Par ailleurs, le programme européen en matière de sécurité insiste sur la coordination des actions pouvant être menées, au titre de la sécurité, au niveau des États membres et propose de renforcer les enceintes de coopération permettant de faciliter les échanges d'informations et les retours d'expériences.
Nous souscrivons à cette démarche et nous saluons en particulier la création du réseau européen de sensibilisation à la radicalisation (RSR), du Centre européen de lutte contre la cybercriminalité (EC3) ou encore de l'unité de référencement internet. Nous soulignons toutefois que le succès de telles enceintes formelles dépend fortement de la volonté des acteurs à en animer les réseaux de coopération.
Par ailleurs, nous nous félicitons du souci témoigné par le Commission européenne d'intégrer les questions d'éducation et de formation aux enjeux du programme de sécurité – ce volet préventif – et à ce stade, des précisions sur la mise en oeuvre concrète des actions envisagées nous semblent encore devoir être apportées et devront faire l'objet d'un suivi attentif afin que ces déclarations d'intentions ne restent pas lettre morte.
L'accent mis sur la nécessité de concilier les dimensions intérieure et extérieure de la sécurité, dont les réalisations sont encore peu claires à ce stade, est pourtant une démarche à saluer et à promouvoir. Dans cette perspective, nous soulignons la nécessité d'établir un dialogue régulier avec les pays voisins de l'Union européenne et les candidats à l'adhésion, mais aussi avec les organisations régionales et internationales concernées, notamment les Nations-Unies, le Conseil de l'Europe et INTERPOL.
Nous saluons également, s'agissant de la lutte contre le trafic des migrants, les propositions formulées par la Commission européenne, en marge du programme européen de sécurité, visant à renforcer l'opération « JOT Mare » associant, selon un modèle unique, l'expertise d'EUROPOL au soutien logistique des États membres et de certains pays tiers, afin d'en faire le centre d'information de l'Union pour les affaires de trafic de migrants par mer.
Pour conclure, nous saluons la démarche entreprise par la Commission européenne dans ce programme de sécurité pour les cinq années à venir, mais nous rappelons qu'une action conjointe de l'Union européenne et des États membres est plus que jamais nécessaire pour assurer la sécurité du continent. Les efforts de coopération et de coordination des mesures mises en place doivent être poursuivis et certains éléments du programme encore précisés.
Il convient aussi d'être attentif aux moyens budgétaires propres et dédiés qui y seront consacrés, point sur lequel le programme demeure silencieux.
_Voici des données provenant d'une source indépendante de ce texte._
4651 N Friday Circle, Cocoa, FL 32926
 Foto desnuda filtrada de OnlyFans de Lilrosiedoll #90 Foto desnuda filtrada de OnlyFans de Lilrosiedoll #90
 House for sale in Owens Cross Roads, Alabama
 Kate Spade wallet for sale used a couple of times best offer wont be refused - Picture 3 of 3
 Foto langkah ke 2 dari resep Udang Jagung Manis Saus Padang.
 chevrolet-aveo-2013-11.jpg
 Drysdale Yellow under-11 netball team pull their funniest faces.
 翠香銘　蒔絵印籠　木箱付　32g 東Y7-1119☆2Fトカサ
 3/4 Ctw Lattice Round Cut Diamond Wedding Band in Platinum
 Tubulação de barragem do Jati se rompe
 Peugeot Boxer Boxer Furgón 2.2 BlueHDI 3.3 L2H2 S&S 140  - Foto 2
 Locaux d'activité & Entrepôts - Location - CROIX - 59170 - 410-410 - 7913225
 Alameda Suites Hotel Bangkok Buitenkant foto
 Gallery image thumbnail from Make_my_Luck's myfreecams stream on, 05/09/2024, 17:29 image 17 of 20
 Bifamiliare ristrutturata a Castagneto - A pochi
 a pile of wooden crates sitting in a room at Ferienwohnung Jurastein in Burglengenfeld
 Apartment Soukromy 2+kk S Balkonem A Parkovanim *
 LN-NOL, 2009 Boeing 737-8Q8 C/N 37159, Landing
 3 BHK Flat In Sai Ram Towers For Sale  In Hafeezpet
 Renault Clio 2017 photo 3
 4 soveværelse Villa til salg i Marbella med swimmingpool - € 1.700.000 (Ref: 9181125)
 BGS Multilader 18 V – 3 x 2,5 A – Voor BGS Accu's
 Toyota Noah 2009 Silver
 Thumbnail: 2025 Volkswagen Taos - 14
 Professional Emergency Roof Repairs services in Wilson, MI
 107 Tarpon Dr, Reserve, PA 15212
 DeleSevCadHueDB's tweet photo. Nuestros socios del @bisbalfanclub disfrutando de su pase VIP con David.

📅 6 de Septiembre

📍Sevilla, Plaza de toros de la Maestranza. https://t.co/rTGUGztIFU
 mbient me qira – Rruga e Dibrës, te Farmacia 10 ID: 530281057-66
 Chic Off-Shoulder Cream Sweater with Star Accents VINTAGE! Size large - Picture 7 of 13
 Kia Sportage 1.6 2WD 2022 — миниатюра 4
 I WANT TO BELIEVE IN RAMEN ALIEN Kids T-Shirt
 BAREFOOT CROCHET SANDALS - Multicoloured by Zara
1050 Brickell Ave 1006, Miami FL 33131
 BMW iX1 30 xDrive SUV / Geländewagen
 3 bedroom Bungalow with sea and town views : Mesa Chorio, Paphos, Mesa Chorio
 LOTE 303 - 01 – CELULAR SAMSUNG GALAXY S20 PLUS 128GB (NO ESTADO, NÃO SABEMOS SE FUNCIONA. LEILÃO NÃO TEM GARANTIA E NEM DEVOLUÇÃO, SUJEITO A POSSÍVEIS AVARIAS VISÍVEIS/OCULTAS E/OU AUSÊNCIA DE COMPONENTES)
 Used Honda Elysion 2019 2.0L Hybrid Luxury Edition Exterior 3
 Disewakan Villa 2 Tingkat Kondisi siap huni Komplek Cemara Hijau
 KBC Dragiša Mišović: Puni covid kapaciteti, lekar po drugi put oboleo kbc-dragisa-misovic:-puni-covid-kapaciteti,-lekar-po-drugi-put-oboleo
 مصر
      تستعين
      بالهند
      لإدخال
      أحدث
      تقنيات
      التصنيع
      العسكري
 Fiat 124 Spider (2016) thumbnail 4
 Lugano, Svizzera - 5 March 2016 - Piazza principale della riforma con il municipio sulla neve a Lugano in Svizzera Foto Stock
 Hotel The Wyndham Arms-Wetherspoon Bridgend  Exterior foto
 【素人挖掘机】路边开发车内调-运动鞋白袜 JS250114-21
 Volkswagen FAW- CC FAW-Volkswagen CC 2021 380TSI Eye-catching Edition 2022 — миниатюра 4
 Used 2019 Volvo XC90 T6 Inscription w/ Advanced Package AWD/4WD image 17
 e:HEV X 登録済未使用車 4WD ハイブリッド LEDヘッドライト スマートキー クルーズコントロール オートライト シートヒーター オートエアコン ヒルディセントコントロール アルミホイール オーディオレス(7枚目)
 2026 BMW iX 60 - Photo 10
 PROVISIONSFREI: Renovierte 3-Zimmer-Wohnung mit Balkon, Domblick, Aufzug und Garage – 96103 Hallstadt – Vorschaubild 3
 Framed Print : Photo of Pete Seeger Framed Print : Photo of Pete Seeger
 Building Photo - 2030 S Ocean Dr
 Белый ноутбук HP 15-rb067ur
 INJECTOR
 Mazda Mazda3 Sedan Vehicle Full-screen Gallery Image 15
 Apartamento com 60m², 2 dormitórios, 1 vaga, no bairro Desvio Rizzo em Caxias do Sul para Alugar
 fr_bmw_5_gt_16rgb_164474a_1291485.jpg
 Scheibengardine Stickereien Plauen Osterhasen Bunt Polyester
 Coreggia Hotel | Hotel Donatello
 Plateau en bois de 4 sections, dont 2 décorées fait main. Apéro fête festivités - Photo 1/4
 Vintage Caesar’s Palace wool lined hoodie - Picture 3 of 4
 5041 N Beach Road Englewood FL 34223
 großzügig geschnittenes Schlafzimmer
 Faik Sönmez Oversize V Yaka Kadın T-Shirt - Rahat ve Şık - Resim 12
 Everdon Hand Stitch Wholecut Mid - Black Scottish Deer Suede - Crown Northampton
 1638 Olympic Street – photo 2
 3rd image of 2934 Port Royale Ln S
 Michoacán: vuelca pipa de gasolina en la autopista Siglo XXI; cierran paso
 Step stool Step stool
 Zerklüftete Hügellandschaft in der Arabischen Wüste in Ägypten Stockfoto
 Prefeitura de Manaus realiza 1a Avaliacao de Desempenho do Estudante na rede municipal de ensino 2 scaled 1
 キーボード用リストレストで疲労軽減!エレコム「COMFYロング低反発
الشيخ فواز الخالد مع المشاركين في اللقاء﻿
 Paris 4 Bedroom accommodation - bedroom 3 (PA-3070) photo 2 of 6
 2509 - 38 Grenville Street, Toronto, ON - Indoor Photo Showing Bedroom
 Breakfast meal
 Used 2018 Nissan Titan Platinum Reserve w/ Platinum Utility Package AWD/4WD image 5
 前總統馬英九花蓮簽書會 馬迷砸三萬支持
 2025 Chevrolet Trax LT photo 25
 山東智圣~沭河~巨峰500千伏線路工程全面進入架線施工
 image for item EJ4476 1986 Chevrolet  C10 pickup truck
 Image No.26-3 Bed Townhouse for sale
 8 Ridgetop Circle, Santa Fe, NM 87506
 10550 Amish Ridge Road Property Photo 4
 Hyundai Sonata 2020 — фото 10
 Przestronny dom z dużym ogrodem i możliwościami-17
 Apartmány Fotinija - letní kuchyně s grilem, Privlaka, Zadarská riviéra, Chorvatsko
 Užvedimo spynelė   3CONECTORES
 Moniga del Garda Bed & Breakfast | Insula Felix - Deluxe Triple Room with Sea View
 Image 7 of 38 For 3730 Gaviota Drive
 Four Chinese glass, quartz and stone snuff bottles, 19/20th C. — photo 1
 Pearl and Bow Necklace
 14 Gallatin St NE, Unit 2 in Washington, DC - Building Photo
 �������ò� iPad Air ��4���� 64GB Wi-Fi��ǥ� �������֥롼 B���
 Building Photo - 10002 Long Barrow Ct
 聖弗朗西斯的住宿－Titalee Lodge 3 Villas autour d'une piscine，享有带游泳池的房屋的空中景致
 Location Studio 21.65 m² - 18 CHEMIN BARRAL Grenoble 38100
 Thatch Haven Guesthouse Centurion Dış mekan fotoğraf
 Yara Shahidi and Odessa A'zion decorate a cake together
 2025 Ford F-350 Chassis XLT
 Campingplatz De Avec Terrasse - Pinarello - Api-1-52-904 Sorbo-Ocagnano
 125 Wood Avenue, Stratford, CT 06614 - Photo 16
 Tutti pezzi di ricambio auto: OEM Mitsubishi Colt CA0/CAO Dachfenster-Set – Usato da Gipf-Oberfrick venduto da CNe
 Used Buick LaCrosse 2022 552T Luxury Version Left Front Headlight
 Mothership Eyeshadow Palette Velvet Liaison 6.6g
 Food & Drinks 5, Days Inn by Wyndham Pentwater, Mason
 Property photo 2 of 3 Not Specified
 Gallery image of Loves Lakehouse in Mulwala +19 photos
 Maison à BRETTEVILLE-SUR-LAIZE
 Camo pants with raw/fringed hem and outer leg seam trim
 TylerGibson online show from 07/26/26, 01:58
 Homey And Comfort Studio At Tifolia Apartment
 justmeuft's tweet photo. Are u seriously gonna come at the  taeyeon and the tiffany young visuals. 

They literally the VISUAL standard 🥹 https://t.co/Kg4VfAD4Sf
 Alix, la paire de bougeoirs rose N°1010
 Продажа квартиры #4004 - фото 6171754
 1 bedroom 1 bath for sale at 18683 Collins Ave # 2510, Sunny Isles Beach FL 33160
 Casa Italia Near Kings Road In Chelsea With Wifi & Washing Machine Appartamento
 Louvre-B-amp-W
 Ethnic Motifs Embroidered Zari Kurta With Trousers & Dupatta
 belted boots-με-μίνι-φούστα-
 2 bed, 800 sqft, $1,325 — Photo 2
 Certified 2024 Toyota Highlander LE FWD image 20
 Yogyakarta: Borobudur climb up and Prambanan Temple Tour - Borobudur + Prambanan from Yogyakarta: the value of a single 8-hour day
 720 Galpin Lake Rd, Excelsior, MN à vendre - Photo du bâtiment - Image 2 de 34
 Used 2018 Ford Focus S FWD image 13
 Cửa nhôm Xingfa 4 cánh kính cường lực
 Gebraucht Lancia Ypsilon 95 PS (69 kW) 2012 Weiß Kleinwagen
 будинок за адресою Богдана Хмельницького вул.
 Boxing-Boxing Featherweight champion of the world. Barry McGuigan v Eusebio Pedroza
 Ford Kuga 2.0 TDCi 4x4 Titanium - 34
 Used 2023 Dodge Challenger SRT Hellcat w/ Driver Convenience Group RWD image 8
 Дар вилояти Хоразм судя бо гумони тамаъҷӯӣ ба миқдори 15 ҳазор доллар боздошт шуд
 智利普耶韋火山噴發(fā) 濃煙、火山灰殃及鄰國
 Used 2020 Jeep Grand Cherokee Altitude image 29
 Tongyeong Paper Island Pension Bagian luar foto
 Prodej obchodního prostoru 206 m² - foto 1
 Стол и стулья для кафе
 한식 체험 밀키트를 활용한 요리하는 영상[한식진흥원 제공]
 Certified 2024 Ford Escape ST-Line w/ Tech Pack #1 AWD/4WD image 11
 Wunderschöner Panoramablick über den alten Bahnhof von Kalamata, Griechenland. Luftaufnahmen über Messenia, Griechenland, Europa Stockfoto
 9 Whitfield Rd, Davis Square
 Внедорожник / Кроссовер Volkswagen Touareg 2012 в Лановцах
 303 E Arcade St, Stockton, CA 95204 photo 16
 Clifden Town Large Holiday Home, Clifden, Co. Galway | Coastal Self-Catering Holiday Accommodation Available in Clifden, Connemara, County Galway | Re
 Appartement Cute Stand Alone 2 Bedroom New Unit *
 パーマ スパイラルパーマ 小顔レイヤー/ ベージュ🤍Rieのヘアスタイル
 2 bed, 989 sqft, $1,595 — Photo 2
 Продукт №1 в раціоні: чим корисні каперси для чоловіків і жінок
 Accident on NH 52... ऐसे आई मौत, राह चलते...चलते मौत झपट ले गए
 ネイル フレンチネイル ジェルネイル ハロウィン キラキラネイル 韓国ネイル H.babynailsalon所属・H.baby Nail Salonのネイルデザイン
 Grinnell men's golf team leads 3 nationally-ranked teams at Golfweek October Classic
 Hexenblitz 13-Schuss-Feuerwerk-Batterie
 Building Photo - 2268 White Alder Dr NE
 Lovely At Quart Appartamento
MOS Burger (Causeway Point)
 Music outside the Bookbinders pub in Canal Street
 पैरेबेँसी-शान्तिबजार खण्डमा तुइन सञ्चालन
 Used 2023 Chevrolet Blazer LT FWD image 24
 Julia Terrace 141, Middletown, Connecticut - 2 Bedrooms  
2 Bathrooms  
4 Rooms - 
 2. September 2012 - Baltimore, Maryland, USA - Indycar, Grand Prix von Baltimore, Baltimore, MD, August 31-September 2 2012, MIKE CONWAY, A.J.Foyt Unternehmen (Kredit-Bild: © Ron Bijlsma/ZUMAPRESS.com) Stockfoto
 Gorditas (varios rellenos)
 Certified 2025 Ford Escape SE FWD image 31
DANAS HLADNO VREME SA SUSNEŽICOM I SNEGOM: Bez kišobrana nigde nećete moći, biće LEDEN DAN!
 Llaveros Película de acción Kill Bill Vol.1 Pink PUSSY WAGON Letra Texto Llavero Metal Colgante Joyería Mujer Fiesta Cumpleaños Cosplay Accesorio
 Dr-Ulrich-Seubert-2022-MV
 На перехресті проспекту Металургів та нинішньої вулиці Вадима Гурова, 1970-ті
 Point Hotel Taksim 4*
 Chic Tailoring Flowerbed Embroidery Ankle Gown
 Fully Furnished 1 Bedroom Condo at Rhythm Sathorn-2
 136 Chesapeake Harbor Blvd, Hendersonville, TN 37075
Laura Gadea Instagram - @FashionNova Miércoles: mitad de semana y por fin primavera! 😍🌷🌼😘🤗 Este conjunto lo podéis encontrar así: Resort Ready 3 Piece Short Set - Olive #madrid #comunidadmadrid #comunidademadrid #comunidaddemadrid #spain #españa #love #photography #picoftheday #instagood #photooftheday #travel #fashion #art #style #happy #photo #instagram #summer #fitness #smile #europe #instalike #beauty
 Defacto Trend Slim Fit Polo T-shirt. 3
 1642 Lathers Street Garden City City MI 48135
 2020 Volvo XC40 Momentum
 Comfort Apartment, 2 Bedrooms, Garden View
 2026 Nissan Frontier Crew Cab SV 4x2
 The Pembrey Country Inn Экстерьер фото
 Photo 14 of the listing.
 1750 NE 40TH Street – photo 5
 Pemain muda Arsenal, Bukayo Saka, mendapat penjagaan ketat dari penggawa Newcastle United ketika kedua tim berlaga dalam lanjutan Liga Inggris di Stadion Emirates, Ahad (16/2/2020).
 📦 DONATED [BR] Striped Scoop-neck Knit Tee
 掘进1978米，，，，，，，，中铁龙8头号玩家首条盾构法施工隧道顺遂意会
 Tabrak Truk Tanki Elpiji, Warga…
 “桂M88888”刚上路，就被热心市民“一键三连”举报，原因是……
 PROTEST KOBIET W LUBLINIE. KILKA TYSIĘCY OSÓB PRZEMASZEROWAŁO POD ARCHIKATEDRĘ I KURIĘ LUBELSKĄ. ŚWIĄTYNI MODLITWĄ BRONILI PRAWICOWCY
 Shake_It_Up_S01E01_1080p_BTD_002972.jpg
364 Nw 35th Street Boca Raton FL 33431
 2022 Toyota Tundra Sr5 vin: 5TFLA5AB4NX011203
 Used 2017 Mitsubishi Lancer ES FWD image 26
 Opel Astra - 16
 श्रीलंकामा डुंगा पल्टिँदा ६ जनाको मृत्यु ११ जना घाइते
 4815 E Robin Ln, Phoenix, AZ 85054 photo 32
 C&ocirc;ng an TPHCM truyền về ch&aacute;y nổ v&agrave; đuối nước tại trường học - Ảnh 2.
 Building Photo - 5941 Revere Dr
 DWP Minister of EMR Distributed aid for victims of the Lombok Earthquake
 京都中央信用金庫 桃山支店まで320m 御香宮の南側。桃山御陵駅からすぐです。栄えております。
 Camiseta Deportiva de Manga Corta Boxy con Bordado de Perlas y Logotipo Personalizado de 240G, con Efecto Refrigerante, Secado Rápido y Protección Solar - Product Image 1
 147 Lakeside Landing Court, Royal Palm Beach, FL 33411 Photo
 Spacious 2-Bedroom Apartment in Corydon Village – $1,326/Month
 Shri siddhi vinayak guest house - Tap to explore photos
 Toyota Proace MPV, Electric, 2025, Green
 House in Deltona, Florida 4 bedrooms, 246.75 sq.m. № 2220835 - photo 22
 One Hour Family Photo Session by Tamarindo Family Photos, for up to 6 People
Je tiens aussi à cet égard à rappeler que notre Commission a manifesté à plusieurs reprises, et à juste titre me semble-t-il, ses inquiétudes quant à certaines déclarations ambitieuses formulées simultanément à une réduction des moyens.
Voilà ce que nous pouvons dire aujourd'hui sur ce programme européen pour la sécurité et nous attendons bien sûr la rencontre du Conseil JAI qui portera sur ce sujet pour vous présenter des conclusions ou une résolution si cela nous semble nécessaire.